§ Work instruction
Restate word for word the material below, starting at the line that contains "A mid-century living" and stopping after the last line; skip pictures.

§ Material provided
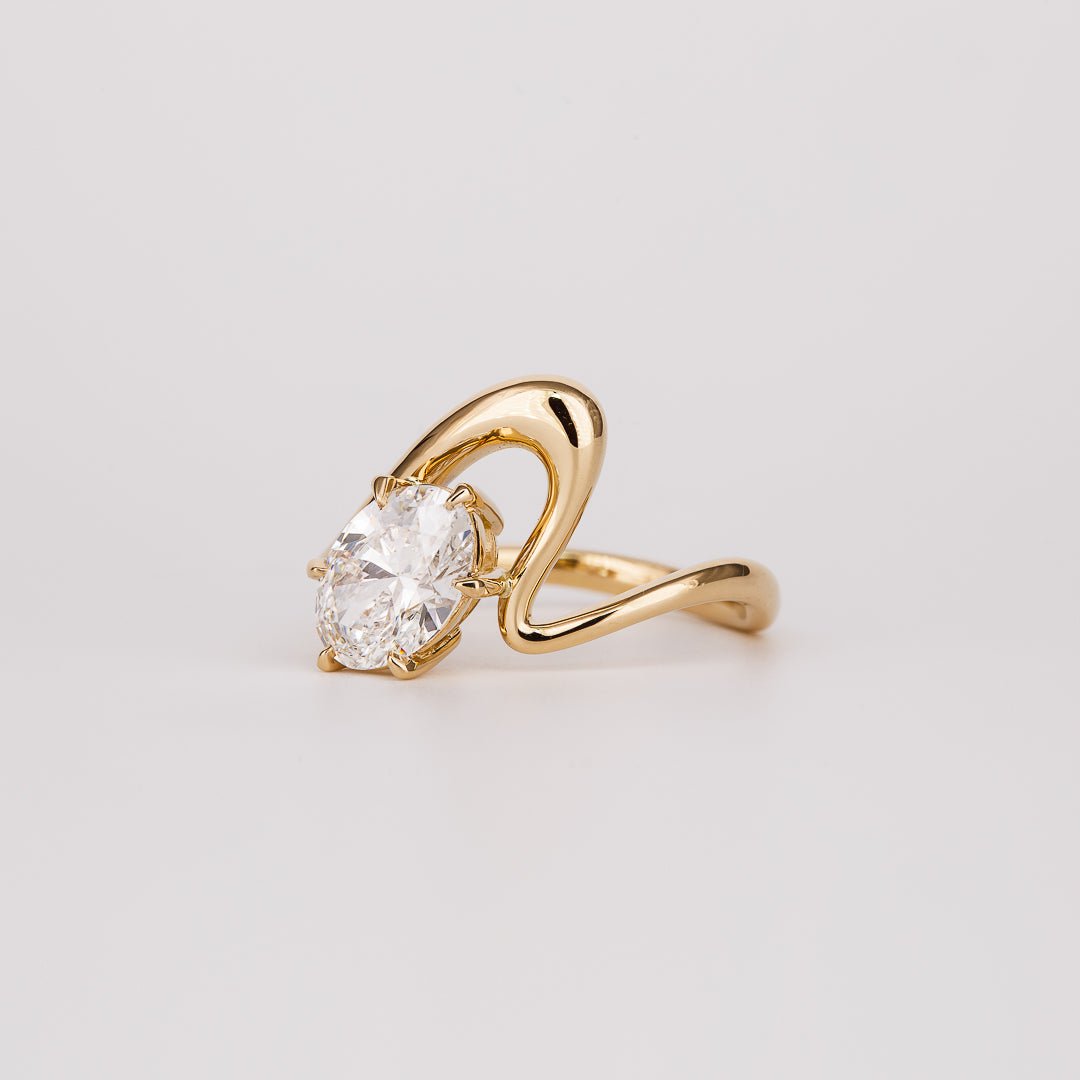 Oval solitaire engagement ring with certified lab grown diamond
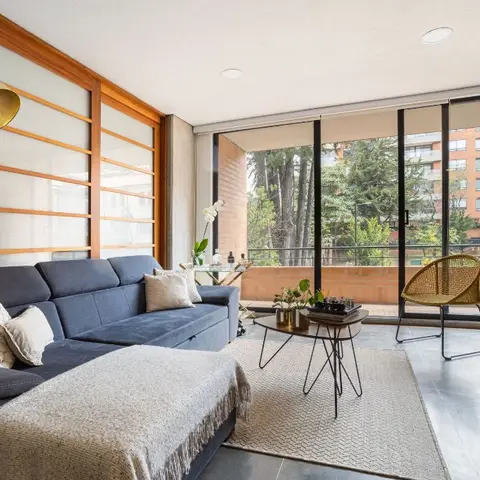 A mid-century living room with a navy sectional sofa, a brass arc floor lamp and a wood-slat sliding partition beside floor-to-ceiling glass doors to a balcony.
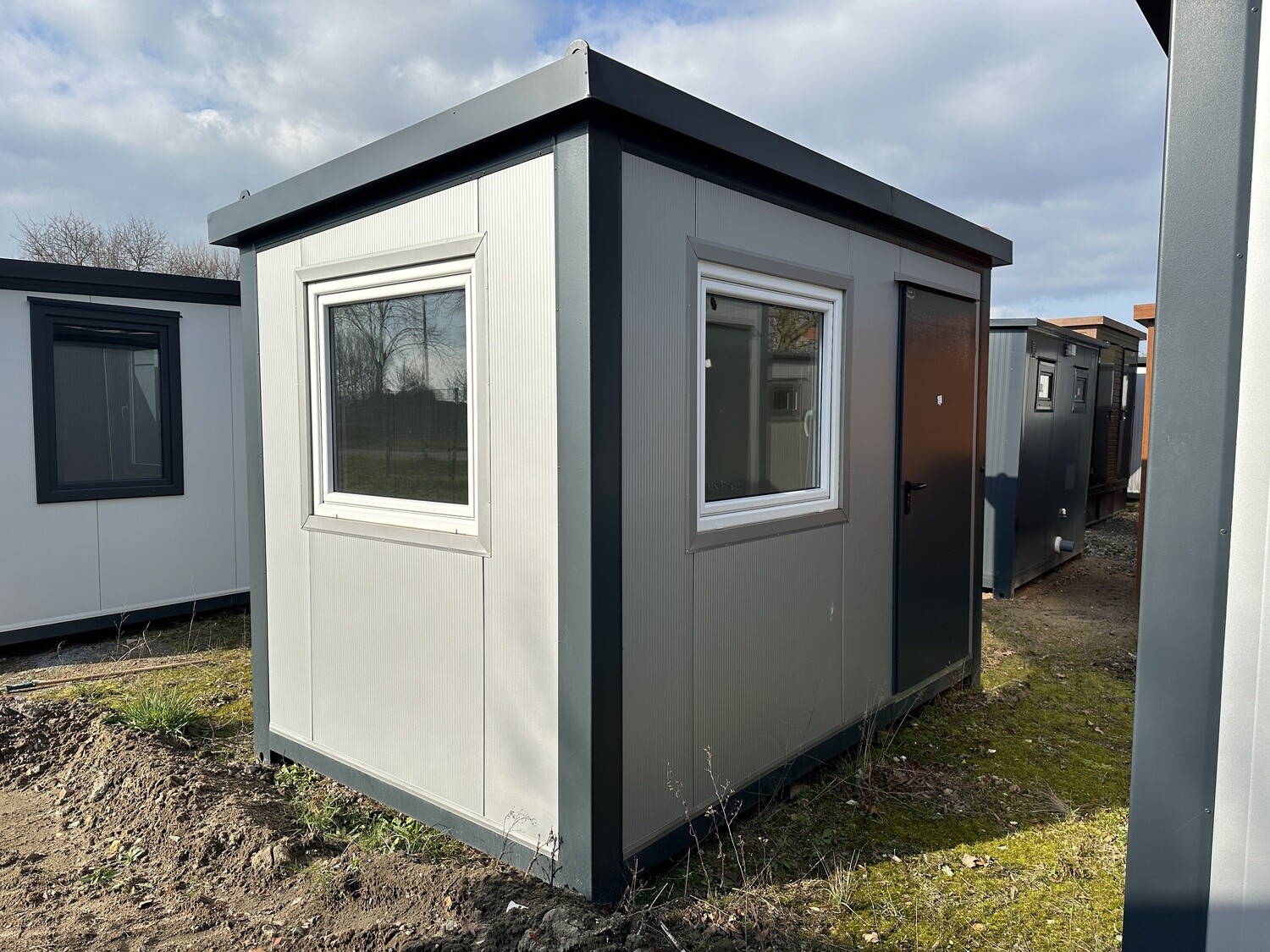 Eckansicht mit zwei Fenstern und dunkler Außentür, Bürocontainer 3,50 x 2,20 m auf Grasfläche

§ Task answer
 A mid-century living room with a navy sectional sofa, a brass arc floor lamp and a wood-slat sliding partition beside floor-to-ceiling glass doors to a balcony.
 Eckansicht mit zwei Fenstern und dunkler Außentür, Bürocontainer 3,50 x 2,20 m auf Grasfläche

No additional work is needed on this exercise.